Posted: 08 Oct 2018 04:09 AM PDT

MANDALAY– Ethnic armed groups in northern Shan State condemned the killing of a Buddhist abbot in Kyaukme Township, urging the government to investigate the case and identify the culprits, on Sunday.

The Ta'ang National Liberation Army (TNLA) and the Restoration Council of Shan State (RCSS) both issued statements regarding the death of U Kalayna Wuntha, the head abbot of Shwe Kyin Monastery in Kyaukme Township, who was shot dead by unknown gunmen on Oct. 5.

"We are shocked by the act of the gunmen who fired several shots at the Shwe Kyin Sayardaw till he died and we strongly condemn it," said the statement issued on Sunday by the TNLA.

"We urge the government and the local authorities to investigate and find out the culprit as soon as possible and to take legal action against them," said the TNLA statement.

In a separate statement issued by the RCSS faction of the Shan State Army (RCSS/SSA), the group said it will join hands with locals to investigate the incident which threatens their policy of protecting race, religion, the Buddha's mission and the country.

"RCSS/SSA is strongly against any violence which is happening in Shan State and we will join hands with the local community to find out the culprit who is behind the death of the Shwe Kyin Sayardaw," said RCSS/SSA's statement released on Oct. 7.

Since Kyaukme is an area where both the TNLA and the RCSS/SSA are operating, locals believe the gunmen to be from one of the ethnic armed groups.

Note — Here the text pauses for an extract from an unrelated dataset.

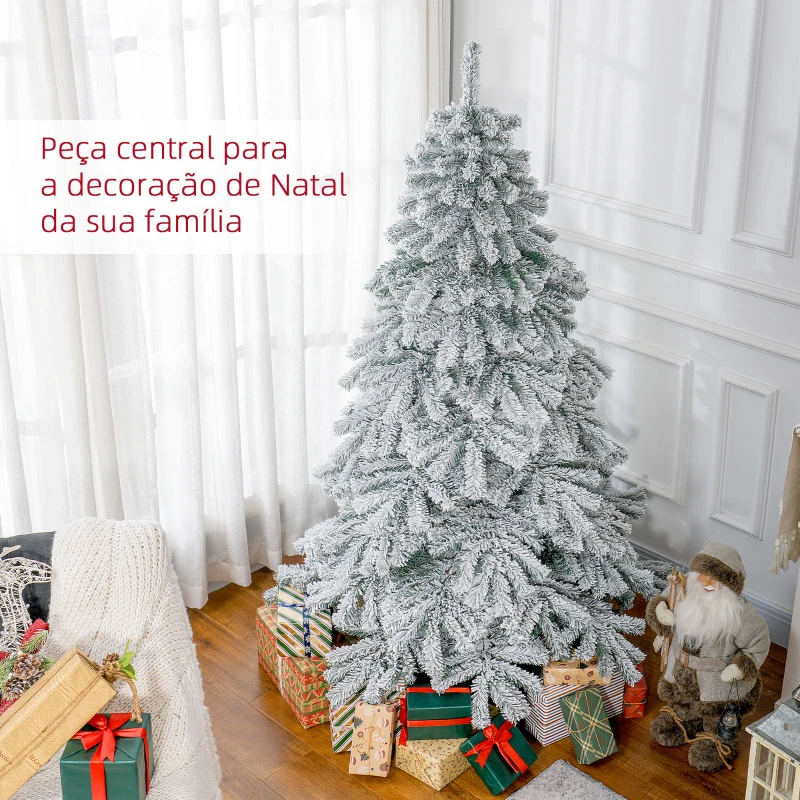 Árvore de Natal 1,80mt com Neve Artificial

U Kalayana Wuntha (46), widely known as Shwe Kyin Sayardaw, was a leading Buddhist abbot who formed a charity group called Namtkhon in Kyaukme Township.

According to locals, the abbot always supported and accommodated displaced those who had to flee their homes during outbreaks of violent conflict in the area. He also stood strongly against battles in Shan State and once participated in an anti-war protest which was held in Kyaukme, as well as joining in the condemnation of the TNLA's abducting of Nang Mo Hom, a Shan woman of Namhkam Township.

A rumor spreading widely around Kyaukme is that members of the RCSS/SSA had met with the abbot, requesting him to act as a negotiator between the RCSS/SSA and the Shan State Progress Party faction of the Shan State Army (SSPP/SSA), and when the abbot refused, a fight broke out between them.

However, The Irrawaddy was unable to confirm the identity of the gunmen as of Monday afternoon.

When The Irrawaddy contacted the police station in Kyaukme Township which is dealing with the incident, an on-duty officer confirmed the shooting but did not give further information about the gunmen.

"The sayardaw was shot at least seven times on his body and died due to the injuries. We only know there were two gunmen who came on two motorcycles and one [motorcycle] was left at the monastery. We cannot provide details yet as the case is still under investigation," said the officer at Kyaukme Police Station.

The Shan State Joint Action Committee and the United Nationalities Alliance (UNA) also issued statements on Sunday condemning the shooting of the abbot, declaring the incident a breach of the rule of law and a threat to peace and stability in the region.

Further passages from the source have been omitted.